▶ **Task to carry out**:
Write out all of the data without omission, exactly as shown.

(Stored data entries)
-------
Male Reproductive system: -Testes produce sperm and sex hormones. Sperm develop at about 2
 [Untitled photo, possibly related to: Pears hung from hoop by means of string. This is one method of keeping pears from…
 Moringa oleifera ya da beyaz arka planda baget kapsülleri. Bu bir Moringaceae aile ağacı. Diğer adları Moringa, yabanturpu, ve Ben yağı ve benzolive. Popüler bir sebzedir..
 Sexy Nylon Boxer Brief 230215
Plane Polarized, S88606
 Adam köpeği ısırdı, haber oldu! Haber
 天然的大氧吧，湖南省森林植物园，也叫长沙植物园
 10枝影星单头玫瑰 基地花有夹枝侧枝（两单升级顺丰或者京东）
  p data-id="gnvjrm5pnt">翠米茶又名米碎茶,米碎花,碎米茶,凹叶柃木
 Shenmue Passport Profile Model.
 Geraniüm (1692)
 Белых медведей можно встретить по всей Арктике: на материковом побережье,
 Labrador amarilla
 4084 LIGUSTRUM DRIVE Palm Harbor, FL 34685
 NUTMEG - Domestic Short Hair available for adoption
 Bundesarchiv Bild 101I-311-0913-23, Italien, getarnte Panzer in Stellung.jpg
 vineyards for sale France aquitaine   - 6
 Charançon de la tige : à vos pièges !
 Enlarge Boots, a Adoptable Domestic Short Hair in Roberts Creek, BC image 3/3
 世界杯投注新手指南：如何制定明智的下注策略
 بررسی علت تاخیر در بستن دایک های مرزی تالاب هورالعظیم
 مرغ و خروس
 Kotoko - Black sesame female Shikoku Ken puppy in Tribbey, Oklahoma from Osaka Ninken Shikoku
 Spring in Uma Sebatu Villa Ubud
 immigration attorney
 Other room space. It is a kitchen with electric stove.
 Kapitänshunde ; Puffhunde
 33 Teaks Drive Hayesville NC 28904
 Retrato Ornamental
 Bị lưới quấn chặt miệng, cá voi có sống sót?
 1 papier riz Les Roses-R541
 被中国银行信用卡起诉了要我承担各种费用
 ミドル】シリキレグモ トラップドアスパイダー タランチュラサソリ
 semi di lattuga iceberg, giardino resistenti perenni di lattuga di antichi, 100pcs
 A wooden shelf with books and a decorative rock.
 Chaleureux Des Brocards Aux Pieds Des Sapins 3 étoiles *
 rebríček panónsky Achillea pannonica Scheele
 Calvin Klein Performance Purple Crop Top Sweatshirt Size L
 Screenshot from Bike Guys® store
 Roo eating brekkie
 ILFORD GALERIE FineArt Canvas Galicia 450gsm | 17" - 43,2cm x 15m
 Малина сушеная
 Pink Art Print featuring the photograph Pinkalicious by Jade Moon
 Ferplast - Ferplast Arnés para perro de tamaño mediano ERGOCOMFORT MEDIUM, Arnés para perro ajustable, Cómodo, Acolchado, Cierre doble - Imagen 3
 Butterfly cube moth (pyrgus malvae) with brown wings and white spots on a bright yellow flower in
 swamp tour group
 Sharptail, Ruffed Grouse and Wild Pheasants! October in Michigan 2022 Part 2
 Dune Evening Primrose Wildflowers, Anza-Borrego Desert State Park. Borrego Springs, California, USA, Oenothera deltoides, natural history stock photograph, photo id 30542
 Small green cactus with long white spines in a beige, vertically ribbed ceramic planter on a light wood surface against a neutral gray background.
-------
▶ **Output for this task**:
Male Reproductive system: -Testes produce sperm and sex hormones. Sperm develop at about 2
 [Untitled photo, possibly related to: Pears hung from hoop by means of string. This is one method of keeping pears from…
 Moringa oleifera ya da beyaz arka planda baget kapsülleri. Bu bir Moringaceae aile ağacı. Diğer adları Moringa, yabanturpu, ve Ben yağı ve benzolive. Popüler bir sebzedir..
 Sexy Nylon Boxer Brief 230215
Plane Polarized, S88606
 Adam köpeği ısırdı, haber oldu! Haber
 天然的大氧吧，湖南省森林植物园，也叫长沙植物园
 10枝影星单头玫瑰 基地花有夹枝侧枝（两单升级顺丰或者京东）
  p data-id="gnvjrm5pnt">翠米茶又名米碎茶,米碎花,碎米茶,凹叶柃木
 Shenmue Passport Profile Model.
 Geraniüm (1692)
 Белых медведей можно встретить по всей Арктике: на материковом побережье,
 Labrador amarilla
 4084 LIGUSTRUM DRIVE Palm Harbor, FL 34685
 NUTMEG - Domestic Short Hair available for adoption
 Bundesarchiv Bild 101I-311-0913-23, Italien, getarnte Panzer in Stellung.jpg
 vineyards for sale France aquitaine   - 6
 Charançon de la tige : à vos pièges !
 Enlarge Boots, a Adoptable Domestic Short Hair in Roberts Creek, BC image 3/3
 世界杯投注新手指南：如何制定明智的下注策略
 بررسی علت تاخیر در بستن دایک های مرزی تالاب هورالعظیم
 مرغ و خروس
 Kotoko - Black sesame female Shikoku Ken puppy in Tribbey, Oklahoma from Osaka Ninken Shikoku
 Spring in Uma Sebatu Villa Ubud
 immigration attorney
 Other room space. It is a kitchen with electric stove.
 Kapitänshunde ; Puffhunde
 33 Teaks Drive Hayesville NC 28904
 Retrato Ornamental
 Bị lưới quấn chặt miệng, cá voi có sống sót?
 1 papier riz Les Roses-R541
 被中国银行信用卡起诉了要我承担各种费用
 ミドル】シリキレグモ トラップドアスパイダー タランチュラサソリ
 semi di lattuga iceberg, giardino resistenti perenni di lattuga di antichi, 100pcs
 A wooden shelf with books and a decorative rock.
 Chaleureux Des Brocards Aux Pieds Des Sapins 3 étoiles *
 rebríček panónsky Achillea pannonica Scheele
 Calvin Klein Performance Purple Crop Top Sweatshirt Size L
 Screenshot from Bike Guys® store
 Roo eating brekkie
 ILFORD GALERIE FineArt Canvas Galicia 450gsm | 17" - 43,2cm x 15m
 Малина сушеная
 Pink Art Print featuring the photograph Pinkalicious by Jade Moon
 Ferplast - Ferplast Arnés para perro de tamaño mediano ERGOCOMFORT MEDIUM, Arnés para perro ajustable, Cómodo, Acolchado, Cierre doble - Imagen 3
 Butterfly cube moth (pyrgus malvae) with brown wings and white spots on a bright yellow flower in
 swamp tour group
 Sharptail, Ruffed Grouse and Wild Pheasants! October in Michigan 2022 Part 2
 Dune Evening Primrose Wildflowers, Anza-Borrego Desert State Park. Borrego Springs, California, USA, Oenothera deltoides, natural history stock photograph, photo id 30542
 Small green cactus with long white spines in a beige, vertically ribbed ceramic planter on a light wood surface against a neutral gray background.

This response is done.